= Dataset content =
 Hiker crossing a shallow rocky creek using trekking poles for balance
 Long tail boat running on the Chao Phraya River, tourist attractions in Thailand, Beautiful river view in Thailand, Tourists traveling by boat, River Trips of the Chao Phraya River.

--

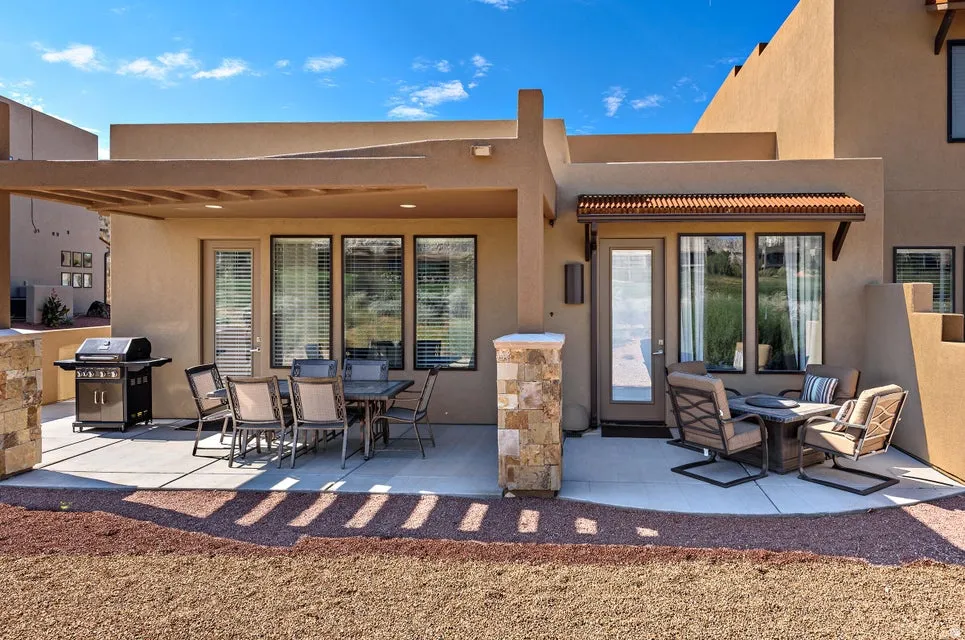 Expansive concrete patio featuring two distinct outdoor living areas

* * *

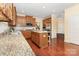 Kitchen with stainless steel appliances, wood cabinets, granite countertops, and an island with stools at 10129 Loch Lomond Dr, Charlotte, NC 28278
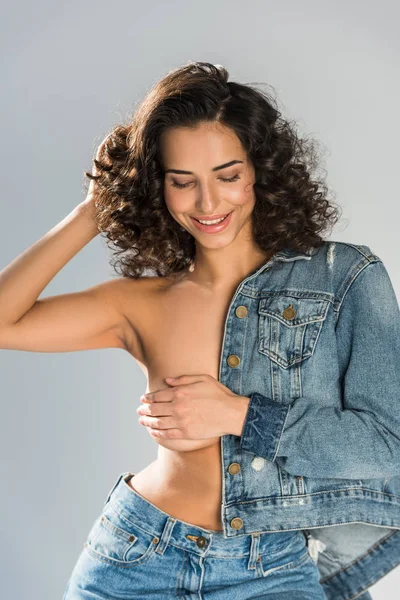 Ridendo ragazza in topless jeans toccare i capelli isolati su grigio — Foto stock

= What you are asked to do =
Taking the listing above as the source, transcribe only the lines starting at the line with "Hiker crossing a" and going through the line with "Long tail boat", unaltered and with both ends included.

= Written answer =
 Hiker crossing a shallow rocky creek using trekking poles for balance
 Long tail boat running on the Chao Phraya River, tourist attractions in Thailand, Beautiful river view in Thailand, Tourists traveling by boat, River Trips of the Chao Phraya River.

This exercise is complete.